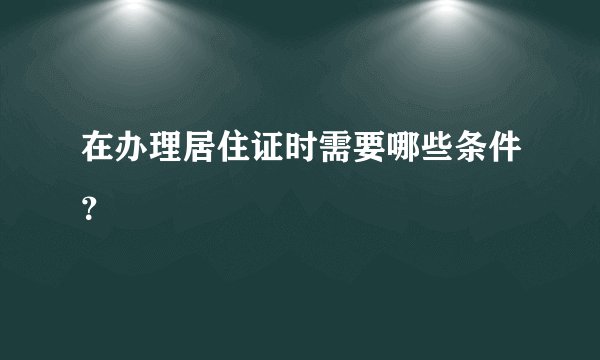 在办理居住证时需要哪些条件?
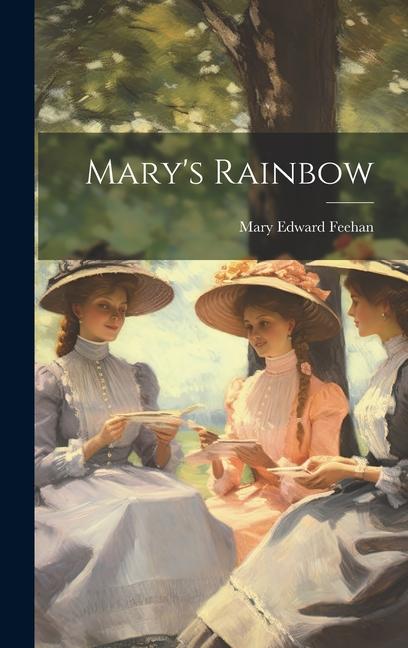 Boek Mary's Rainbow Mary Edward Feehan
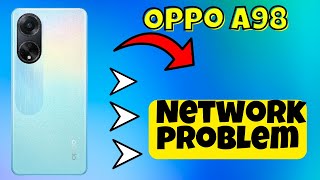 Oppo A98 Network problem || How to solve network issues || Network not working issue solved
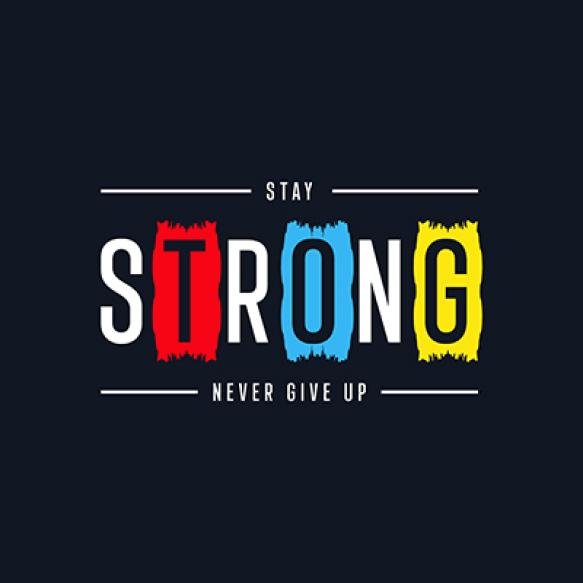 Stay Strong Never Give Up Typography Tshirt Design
----------------------------------------
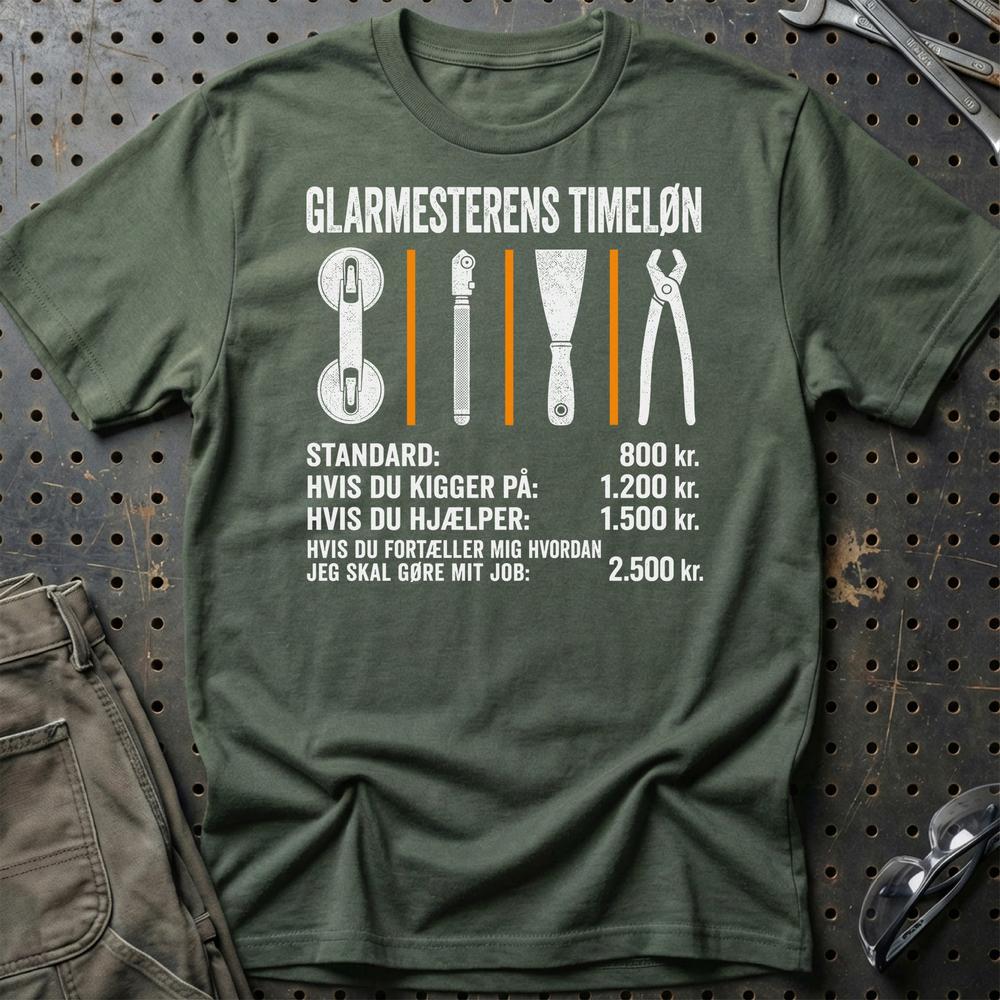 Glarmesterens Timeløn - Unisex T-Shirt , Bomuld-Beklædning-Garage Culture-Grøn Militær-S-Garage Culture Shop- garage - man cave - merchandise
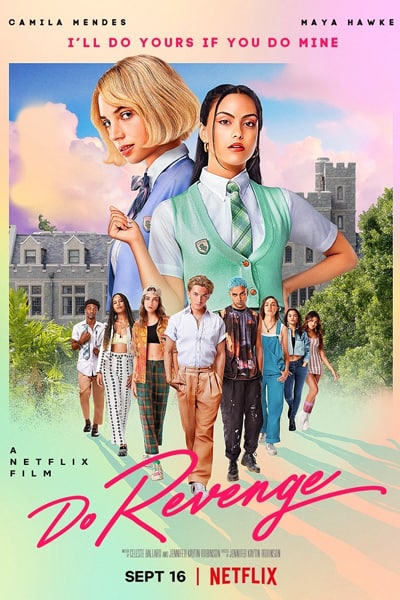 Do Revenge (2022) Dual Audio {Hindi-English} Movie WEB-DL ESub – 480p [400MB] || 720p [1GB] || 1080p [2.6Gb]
----------------------------------------
Work order
Your output should be the lines above from the one that contains "Glarmesterens Timeløn - Unisex" through the one that contains "Do Revenge (2022)", word for word, with pictures left out.

Response for this exercise
 Glarmesterens Timeløn - Unisex T-Shirt , Bomuld-Beklædning-Garage Culture-Grøn Militær-S-Garage Culture Shop- garage - man cave - merchandise
 Do Revenge (2022) Dual Audio {Hindi-English} Movie WEB-DL ESub – 480p [400MB] || 720p [1GB] || 1080p [2.6Gb]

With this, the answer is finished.